The Crowded Hour
Page 22
Davis was enough one of the boys to be an object of their occasional derision, too. Among Theodore Miller’s duties at Sevilla was to build a new bench for the officers’ mess. The next day around noon, Davis stopped by. When he saw the officers eating, he pulled out a plate and cup and sat down, “with a comfortable relaxation,” as if he were just another major. Suddenly the bench collapsed under his weight. The officers laughed; Miller did not record Davis’s reaction.16
It was little moments like this that helped the men forget what they had just been through, at Las Guasimas, and gird themselves for what might come. “I had felt great the last few days, in fact, never better in my life,” Miller wrote. “Things to-day looked as though we were to stay here for weeks to come.” Around a campfire one night, Buckey O’Neill, his coat off and his shirt unbuttoned, leaned back on his blanket roll and told his neighbor, “Anyone who wants to go back to the United States when this cruel war is over can go; for my, part, I plan to stay.” Where others saw only destruction and poverty, he saw opportunity in Cuba’s metal-ore mines and fertile fields. “We are going to have a new set of millionaires,” O’Neill said, “and I am going to be one of them.”17
• • •
Out on the water, General Shafter still sat on the Seguranca, even after most of his men had landed. The ship, like the others in the American fleet, did not use a stern anchor, so it swung back and forth in the tide and current, bumping against other ships. The situation was particularly fraught on June 27, when the Seguranca swung a little too closely between two other ships. The ship’s master decided to move out to sea, but he forgot to raise the anchor; as the Seguranca steamed away at full speed, the cable drew taut and ripped out the windlass and riding bitts—the winch and posts at the other end of the cable. Now, bereft of an anchoring system, the Seguranca was forced to float several miles out at sea. Without any way to communicate easily with shore, Shafter decided, finally, to join his men.18
For over a century, historians of the Spanish-American War have debated Shafter’s merits as a general. He was certainly the most despised officer in Cuba, by his men but even more so by the correspondents and foreign attachés who observed him, and felt free to condemn him widely and vociferously. Davis in particular disliked him: “His self complacency was so great that in spite of blunder after blunder, folly upon folly, and mistake upon mistake, he still believed himself infallible, still bullied his inferior officers, and still cursed from his cot.” Not everyone demeaned Shafter. A reporter for the New York Sun wrote, “It is not hard to describe General Shafter: Bold, lion-headed, hero-eyed, massive as to body, a sort of human fortress in blue coat and flannel shirt.” As historian J. P. Clark wrote, “It is a telling indicator of the state of the army in 1898 that historians can plausibly argue that Shafter was selected because he was either among the best or the worst of the available generals.”19
The truth lay in the middle. Shafter possessed a keen mind and a tenacious temperament; he had demonstrated as much during his decades in the Indian Wars. He did not push for the Santiago campaign. When he accepted command at Tampa, it was to lead a small force into northern Cuba to deliver supplies to the rebels, or at most to capture coastal defenses that might otherwise threaten the naval blockade around the island. But like the rest of the country, Shafter had been swept up in the patriotic momentum. Dewey’s victory at Manila demanded swift action in the Caribbean, and he would gladly deliver it.

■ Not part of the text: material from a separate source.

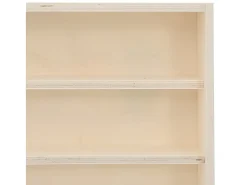 Vitrina de colección de madera con 6 estantes 100x8,5x55 cm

But the fact remains: Shafter was utterly incapable of leading the Santiago campaign. He failed to empower officers to wrangle the chaos at Tampa, just as he failed to appoint someone to oversee the loading and unloading of his armada. He did not pack enough artillery, let alone the means to transport what he did have after landing in Cuba (later, he tried to pass off his mistake as wisdom, saying that artillery would have been useless at Santiago). And he refused to move decisively after landing at Siboney, let alone after the victory at Las Guasimas. He later failed to encircle Santiago, while his prejudice and pride prevented him from using the thousands of Cuban rebels at his service effectively.
But Shafter’s litany of failures is as much an indictment of the American military culture from which he came as it is of the man himself. Like the Army, after decades fighting the Indian Wars, far from the public spotlight, Shafter was suddenly thrust into it. Lacking firm leadership at home, he could only think of the domestic consequences of bloodshed or defeat. Like many of the general officers in the Army of 1898, men at the end of a career that began in the cauldron of the Civil War and was forged in sporadic, small-unit combat on the Great Plains and in the Southwest, he was an anachronism: fundamentally conservative, averse to risks and bold moves, but also incapable of managing his large forces so that, when the moment arrived, he could strike. If it were not for his fear of the oncoming malarial season, Shafter might have sat outside Santiago all summer, dawdling like McClellan after Antietam.
By June 27, the ships at Siboney and Daiquirí were unloaded, and the rest of the regiments began to move toward the burgeoning camp. The mule trains grew longer; some counted 100 animals pulling a dozen or more wagons. On more than one occasion, the rains and flash flooding were so severe that a pack train was stuck for the night along the way. Still, by June 29 the fields around Sevilla were full of soldiers, and several regiments were forced to camp along the Camino Real itself, even though, at that point, it was only about ten to twenty feet from one green-forested side to the other. “It was as though fifteen regiments were encamped along the sidewalks of Fifth Avenue,” Davis wrote. “If Fifth Avenue were ten feet wide, one can imagine the confusion.” In the mornings, the lifting mists were accompanied by the sound of trumpets blaring reveille and some 16,000 men clattering into shape; at night, the noise stopped abruptly at the sound of taps and “The Star-Spangled Banner.”20
• • •
Every day columns of Cubans marched past the camp, their ranks of rags interspersed with bits of American-issued kit—a blue jacket, a canteen, a haversack, items they had either been given or simply taken from the battlefield. Whether they felt sympathy or disgust for the Cubans, the one thing most of the Americans did not do was talk to them—even though many of the men from New Mexico and Arizona spoke Spanish. If they had tried, they might have learned that the Cubans were not, in fact, overjoyed to see Shafter’s army. The Cubans had always been clear that what they wanted was American political recognition and military assistance in the form of guns, money, and above all ammunition—not an invasion.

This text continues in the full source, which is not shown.